• **DATA IN THIS EXERCISE**

/---

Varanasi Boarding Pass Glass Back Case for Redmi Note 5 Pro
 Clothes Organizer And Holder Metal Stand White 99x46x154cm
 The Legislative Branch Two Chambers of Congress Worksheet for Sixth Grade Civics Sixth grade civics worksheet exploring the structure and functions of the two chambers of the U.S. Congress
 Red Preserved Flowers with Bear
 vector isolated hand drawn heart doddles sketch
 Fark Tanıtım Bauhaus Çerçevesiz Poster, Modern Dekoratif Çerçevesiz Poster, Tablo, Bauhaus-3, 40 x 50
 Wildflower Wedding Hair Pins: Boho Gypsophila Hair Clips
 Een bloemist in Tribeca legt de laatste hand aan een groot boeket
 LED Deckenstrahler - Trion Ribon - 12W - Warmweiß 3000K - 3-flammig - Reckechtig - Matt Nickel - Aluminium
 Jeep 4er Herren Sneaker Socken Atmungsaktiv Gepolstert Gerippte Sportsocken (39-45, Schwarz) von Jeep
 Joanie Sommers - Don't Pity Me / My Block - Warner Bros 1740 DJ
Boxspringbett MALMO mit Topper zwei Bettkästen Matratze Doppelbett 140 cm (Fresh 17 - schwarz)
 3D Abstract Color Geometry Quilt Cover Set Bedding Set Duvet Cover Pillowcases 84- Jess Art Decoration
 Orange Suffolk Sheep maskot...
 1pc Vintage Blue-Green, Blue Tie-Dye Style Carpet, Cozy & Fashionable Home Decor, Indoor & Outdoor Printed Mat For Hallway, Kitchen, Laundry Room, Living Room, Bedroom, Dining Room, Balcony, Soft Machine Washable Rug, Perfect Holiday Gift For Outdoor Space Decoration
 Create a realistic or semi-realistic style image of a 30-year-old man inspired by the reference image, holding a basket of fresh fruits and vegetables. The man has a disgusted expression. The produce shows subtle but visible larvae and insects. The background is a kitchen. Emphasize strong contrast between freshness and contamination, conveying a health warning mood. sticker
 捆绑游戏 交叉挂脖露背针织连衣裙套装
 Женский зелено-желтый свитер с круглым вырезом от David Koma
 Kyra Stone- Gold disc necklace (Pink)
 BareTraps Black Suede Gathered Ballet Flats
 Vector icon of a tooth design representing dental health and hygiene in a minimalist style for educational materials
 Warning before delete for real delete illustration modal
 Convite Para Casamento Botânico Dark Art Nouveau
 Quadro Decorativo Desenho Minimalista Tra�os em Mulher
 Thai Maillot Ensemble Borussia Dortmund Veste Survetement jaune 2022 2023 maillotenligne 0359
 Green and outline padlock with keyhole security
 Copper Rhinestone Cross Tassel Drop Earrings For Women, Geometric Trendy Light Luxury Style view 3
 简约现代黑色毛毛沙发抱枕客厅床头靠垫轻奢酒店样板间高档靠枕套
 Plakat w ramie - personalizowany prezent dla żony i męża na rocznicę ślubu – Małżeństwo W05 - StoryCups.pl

\---

• **EXERCISE INSTRUCTIONS**
Look through the entries above, and wherever a line holds the string "hand", copy it.

• **YOUR SOLUTION**
 vector isolated hand drawn heart doddles sketch
 Een bloemist in Tribeca legt de laatste hand aan een groot boeket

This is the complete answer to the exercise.